- [What this task involves]: Look through the listing below for the line with "tinea capitis scalp ringworm" and the line with "一排白色牙齿中的红牙。3D渲染。牙科，出众，经营理念。". Copy both, along with every line between them, exactly and with no pictures.
[Record extracts — start]
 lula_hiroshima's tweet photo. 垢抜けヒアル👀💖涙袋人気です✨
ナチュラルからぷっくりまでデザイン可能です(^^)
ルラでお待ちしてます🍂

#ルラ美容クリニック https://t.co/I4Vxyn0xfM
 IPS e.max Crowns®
[Record extracts — finish]
[Record extracts — start]
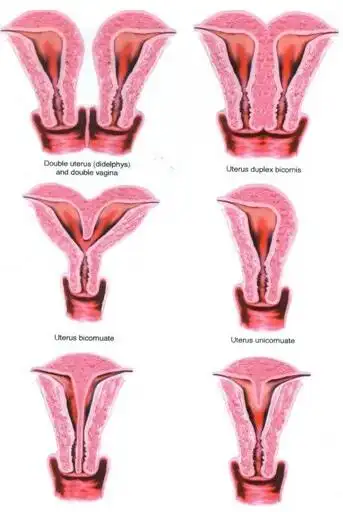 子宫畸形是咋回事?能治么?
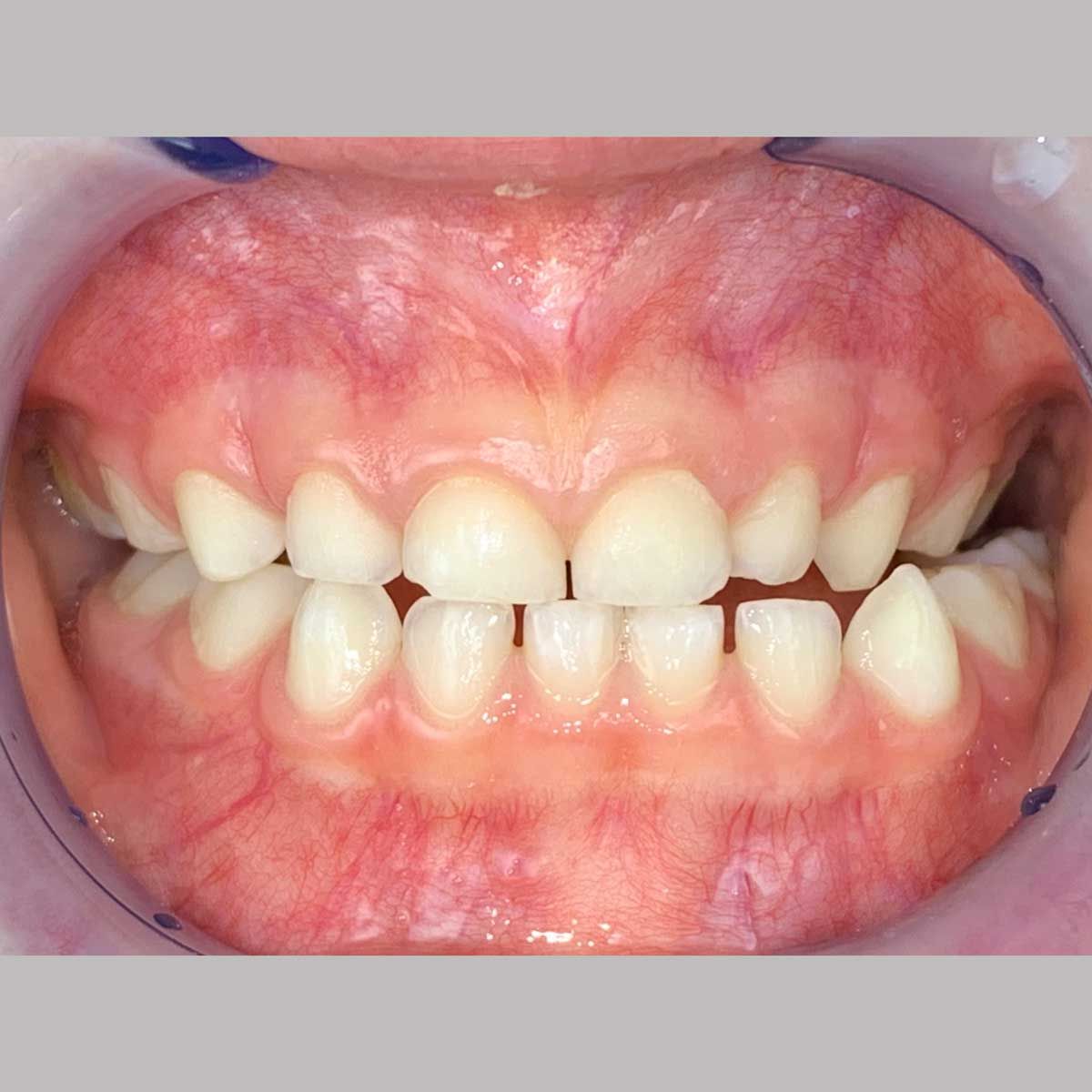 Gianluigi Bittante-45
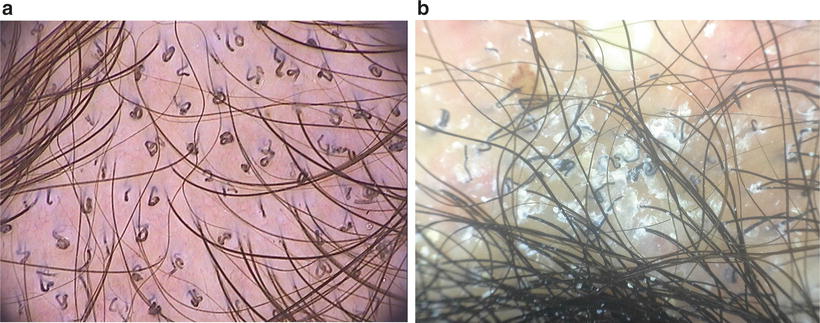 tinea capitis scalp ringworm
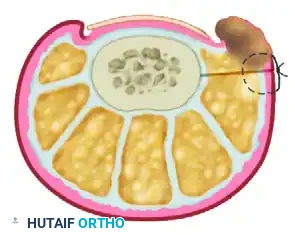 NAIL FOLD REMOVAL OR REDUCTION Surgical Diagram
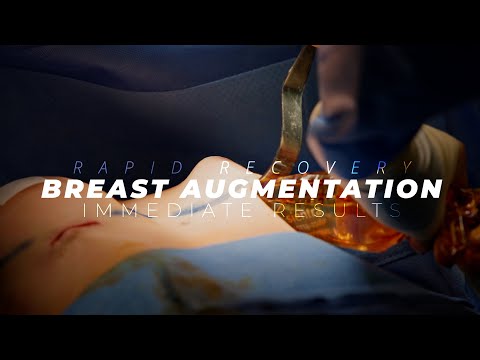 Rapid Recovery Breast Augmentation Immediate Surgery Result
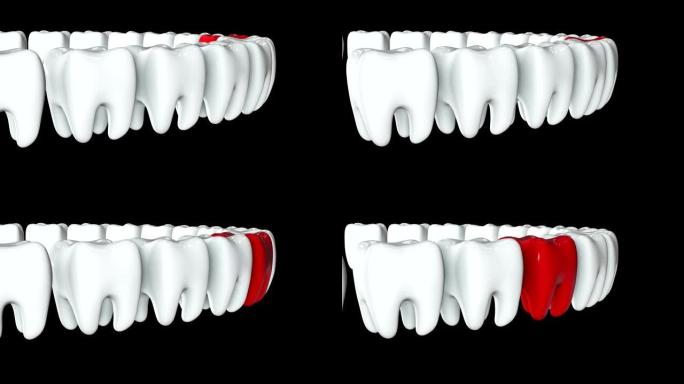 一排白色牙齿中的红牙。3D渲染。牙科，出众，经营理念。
[Record extracts — finish]
[Record extracts — start]
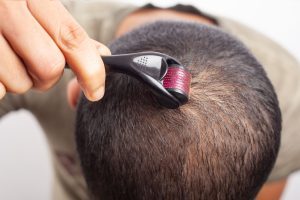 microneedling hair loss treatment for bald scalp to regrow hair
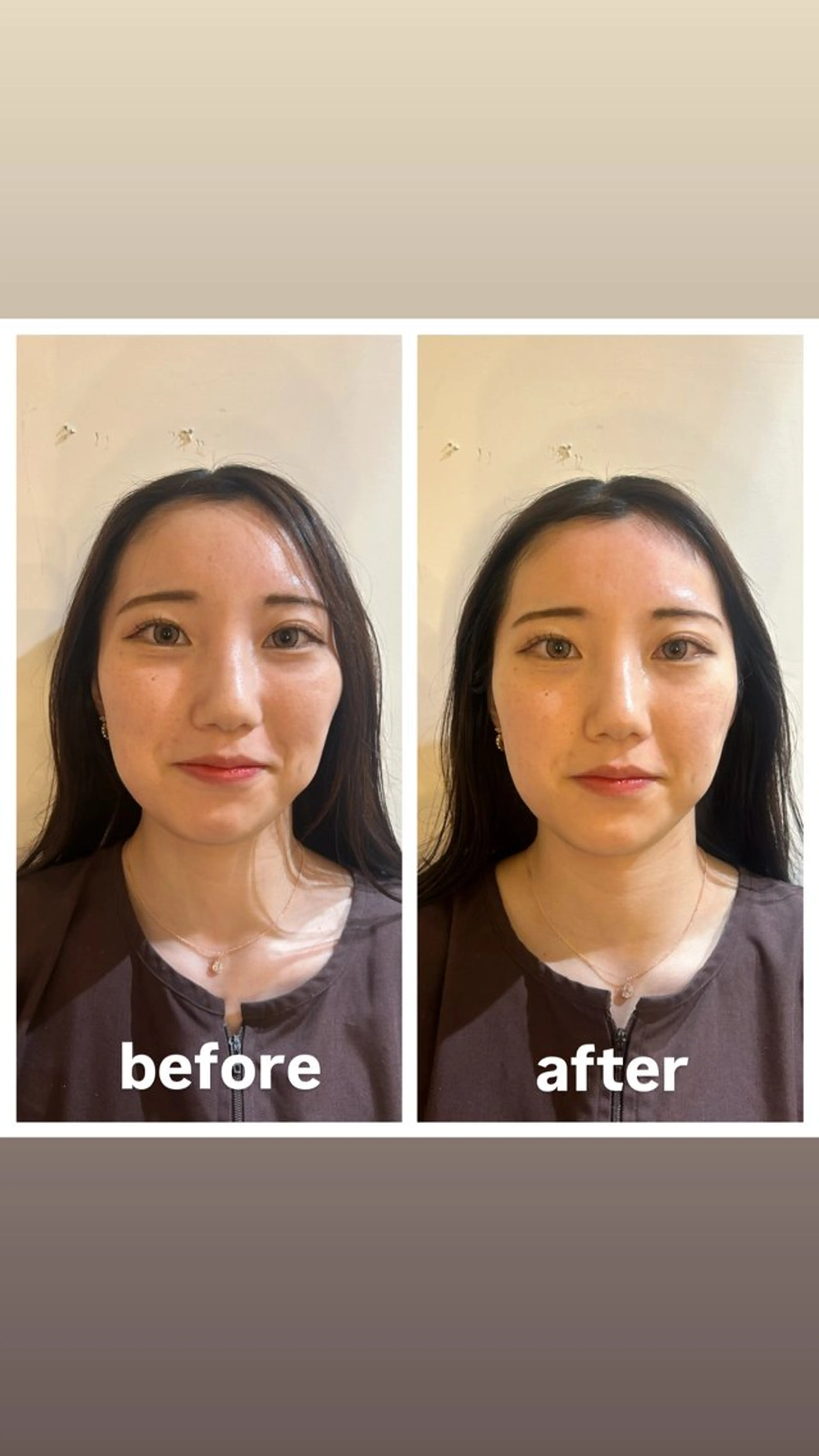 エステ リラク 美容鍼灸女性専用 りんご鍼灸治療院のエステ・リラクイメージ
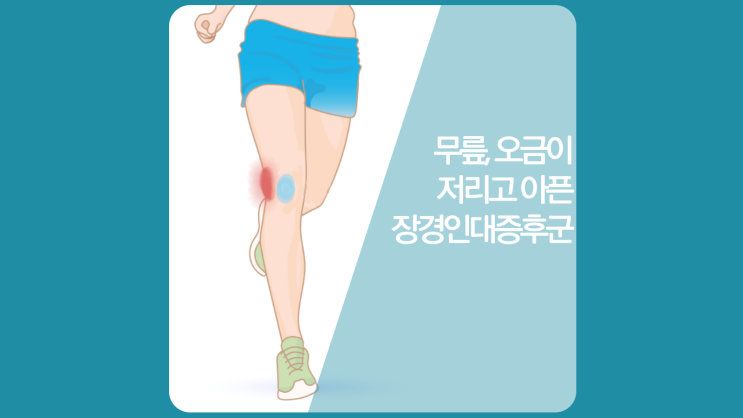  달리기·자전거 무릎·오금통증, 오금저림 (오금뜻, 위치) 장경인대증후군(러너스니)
[Record extracts — finish]
- [Exercise response]:
 tinea capitis scalp ringworm
 NAIL FOLD REMOVAL OR REDUCTION Surgical Diagram
 Rapid Recovery Breast Augmentation Immediate Surgery Result
 一排白色牙齿中的红牙。3D渲染。牙科，出众，经营理念。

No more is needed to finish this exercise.